### WHAT TO DO:
With all pictures excluded, restate the records that follow exactly as written.

[Scraped caption text data]
************
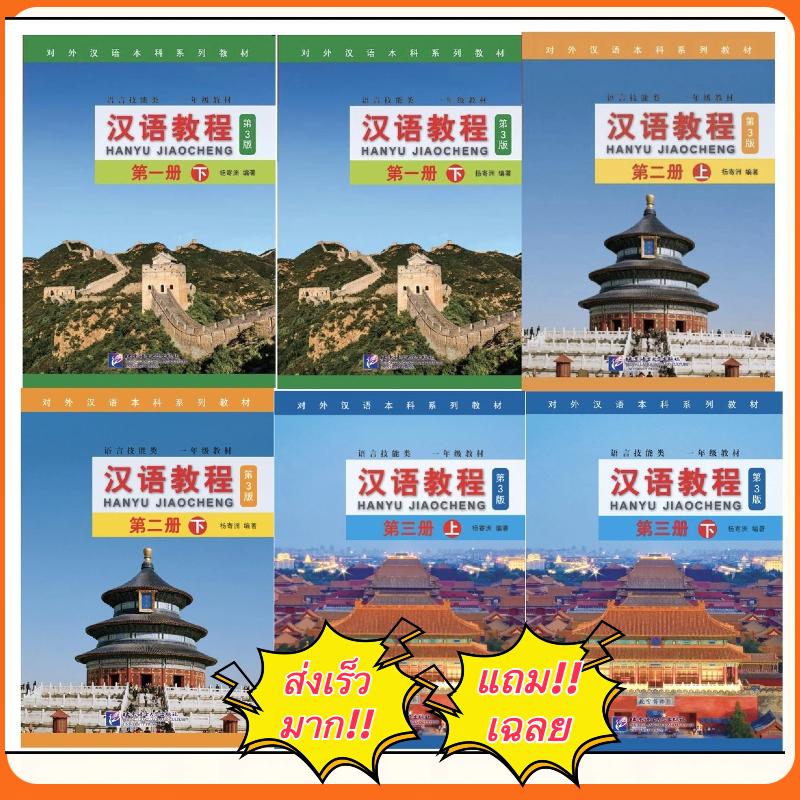 พร้อมส่ง!! Hanyu Jiaocheng ฉบับภาษาอังกฤษ 汉语教程（英语版）「คุ้มกว่า」 (3rd Edition)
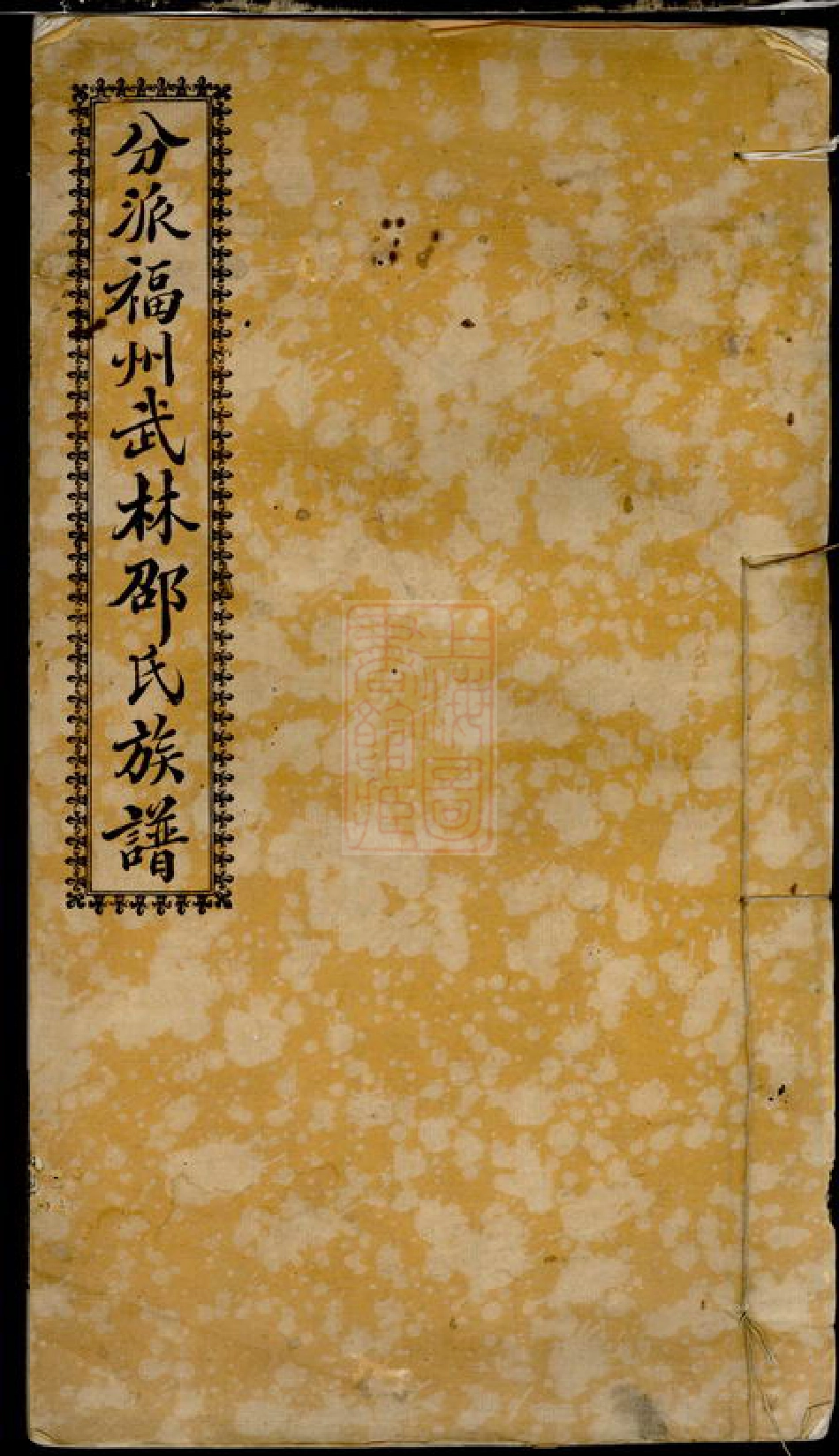 6947.分派福州武林邵氏族谱： 不分卷.pdf_第1页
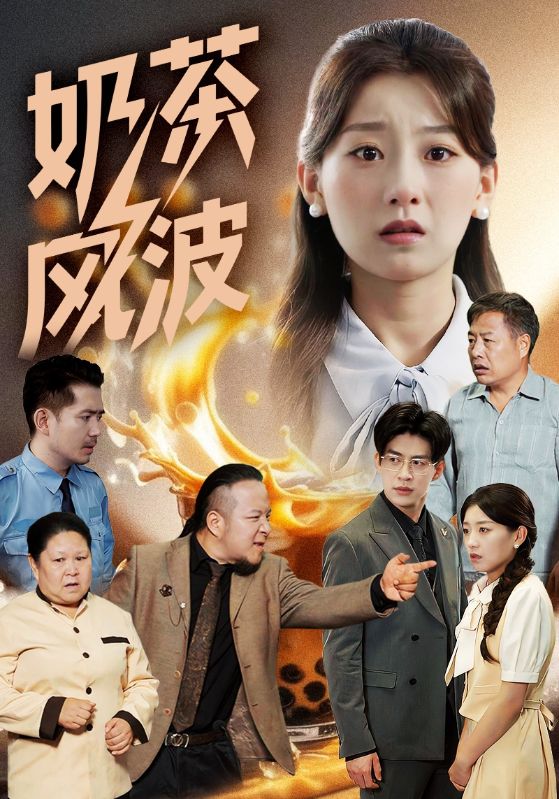 奶茶风波 第44集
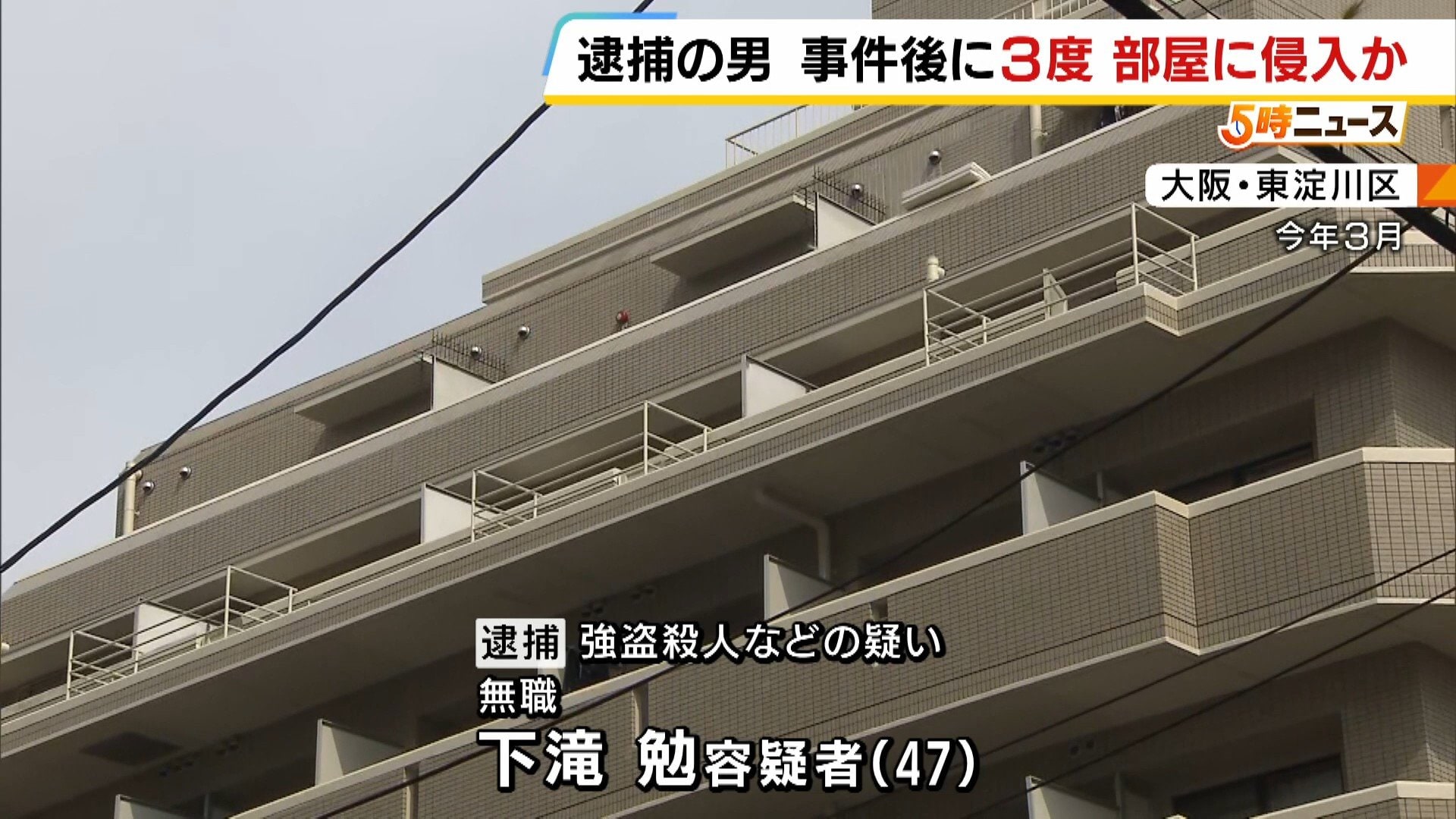 優しい人…やっぱり辛い」殺害された男性が通った喫茶店の店長語る 大阪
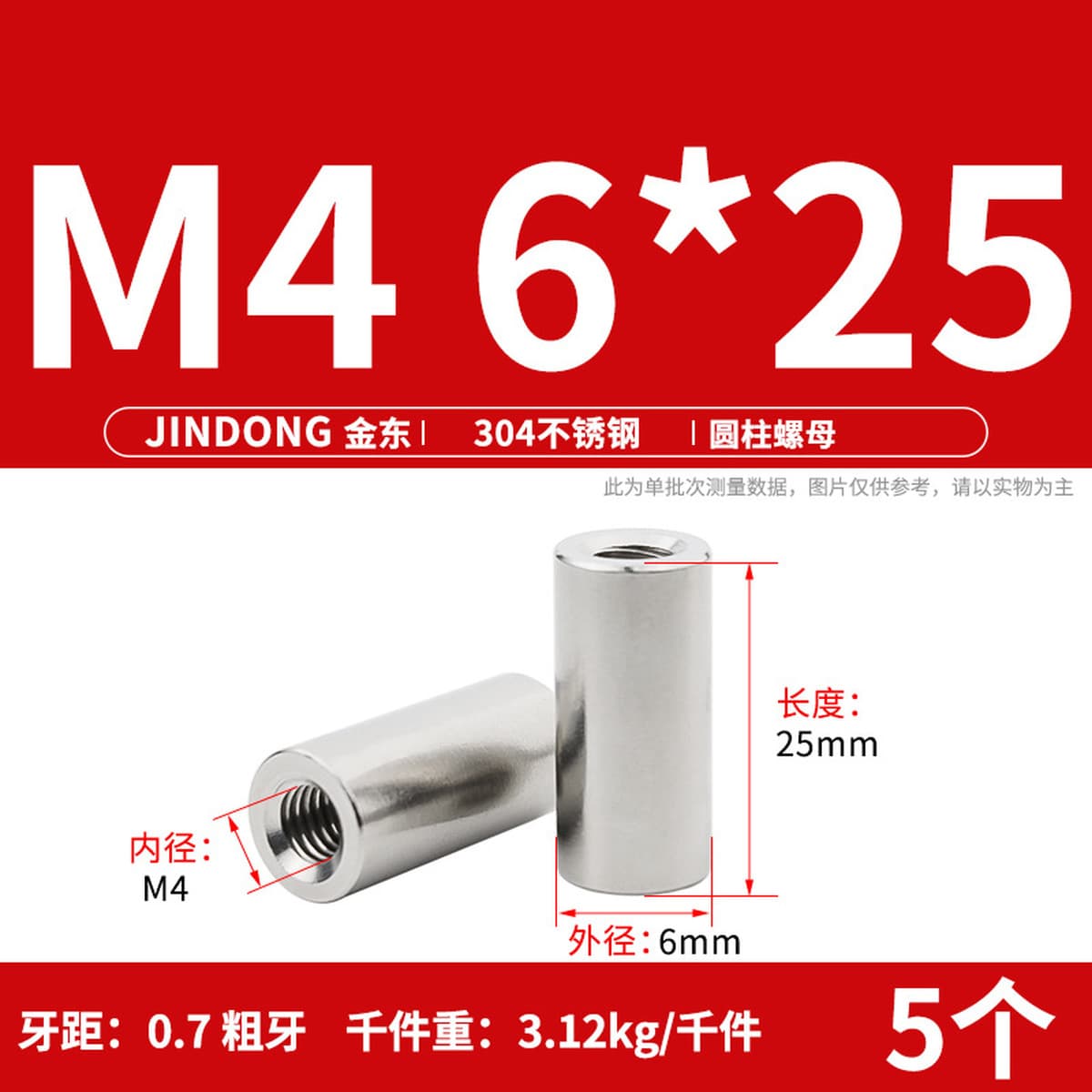 Сварочная гайка цилиндрической гайки из нержавеющей стали 304 удлиненная круглая гайка M3M4M5M6M8M10M12M16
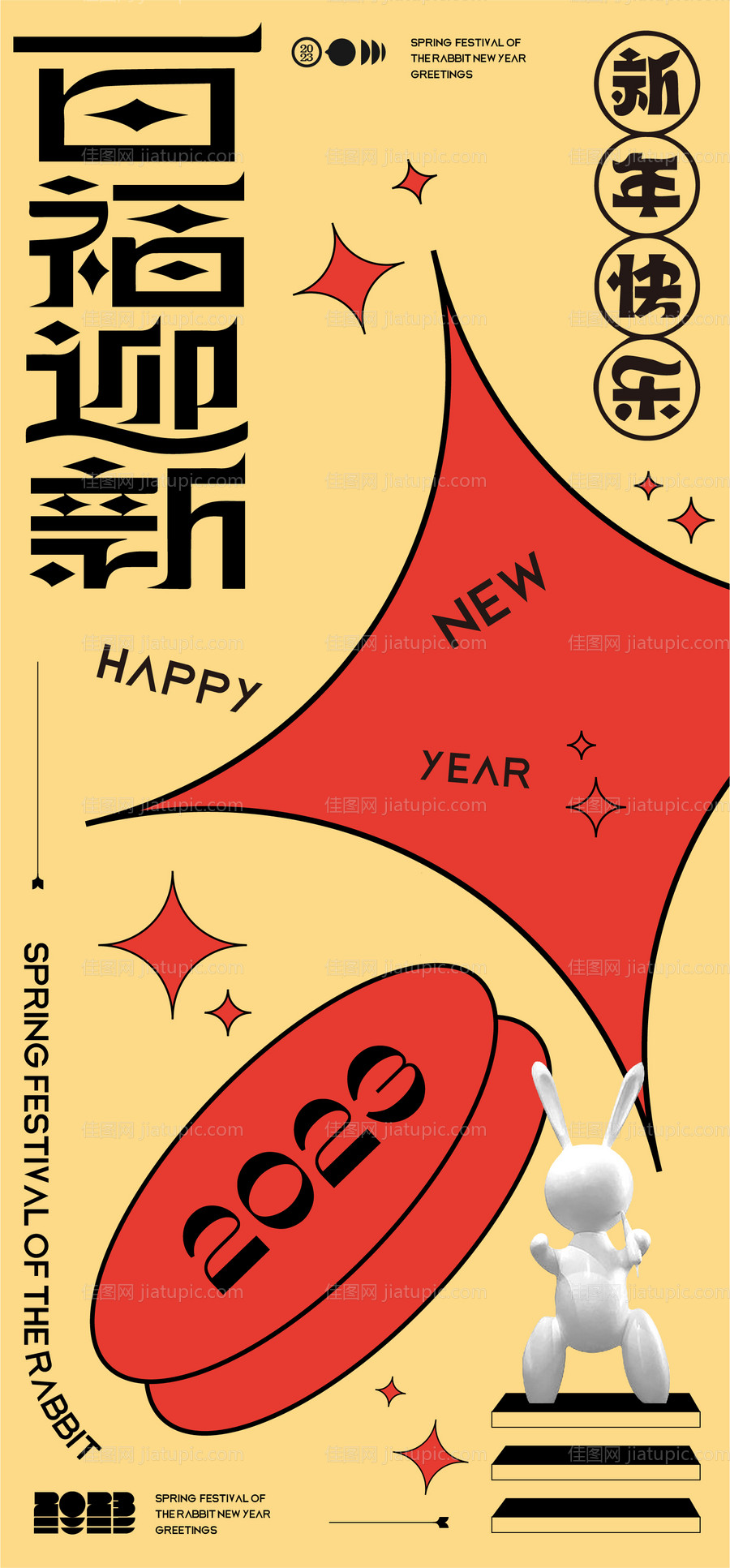 元旦兔年海报-源文件
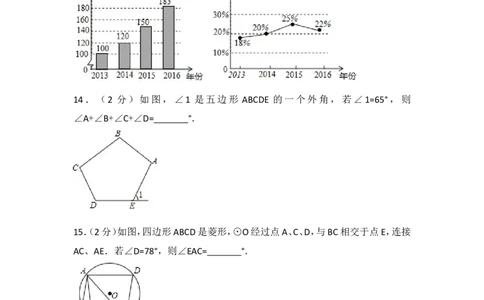 2017年江苏省南京市中考数学试题及答案_中考真题_2.数学中考真题2015-2024年_地区卷_江苏省_南京数学08-22
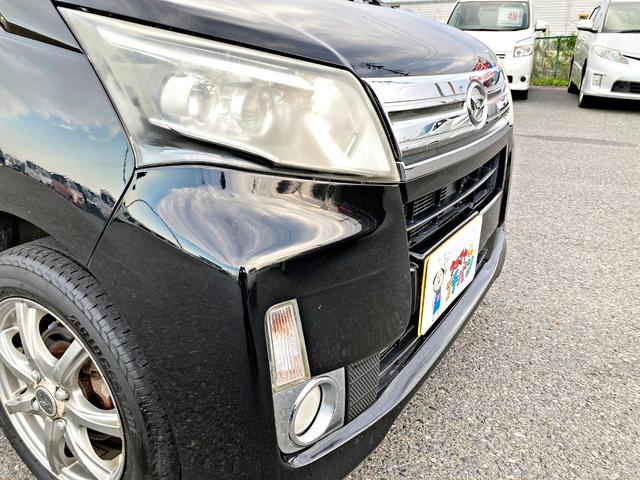 ムーヴ カスタム　Ｘリミテッド　寒冷地仕様車　キーレス　リアカメラ　ナビＴＶ　ワンセグ　盗難防止装置　フルオートエアコン　エコアイドル　４ＷＤ　メモリーナビ　ベンチシート　ＡＢＳ　Ｗエアバッグ　アルミホイール　パワーウィンドウ（13枚目）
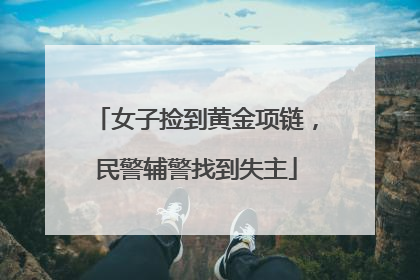 女子捡到黄金项链，民警辅警找到失主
************
### FINAL ANSWER:
 พร้อมส่ง!! Hanyu Jiaocheng ฉบับภาษาอังกฤษ 汉语教程（英语版）「คุ้มกว่า」 (3rd Edition)
 6947.分派福州武林邵氏族谱： 不分卷.pdf_第1页
 奶茶风波 第44集
 優しい人…やっぱり辛い」殺害された男性が通った喫茶店の店長語る 大阪
 Сварочная гайка цилиндрической гайки из нержавеющей стали 304 удлиненная круглая гайка M3M4M5M6M8M10M12M16
 元旦兔年海报-源文件
 2017年江苏省南京市中考数学试题及答案_中考真题_2.数学中考真题2015-2024年_地区卷_江苏省_南京数学08-22
 ムーヴ カスタム　Ｘリミテッド　寒冷地仕様車　キーレス　リアカメラ　ナビＴＶ　ワンセグ　盗難防止装置　フルオートエアコン　エコアイドル　４ＷＤ　メモリーナビ　ベンチシート　ＡＢＳ　Ｗエアバッグ　アルミホイール　パワーウィンドウ（13枚目）
 女子捡到黄金项链，民警辅警找到失主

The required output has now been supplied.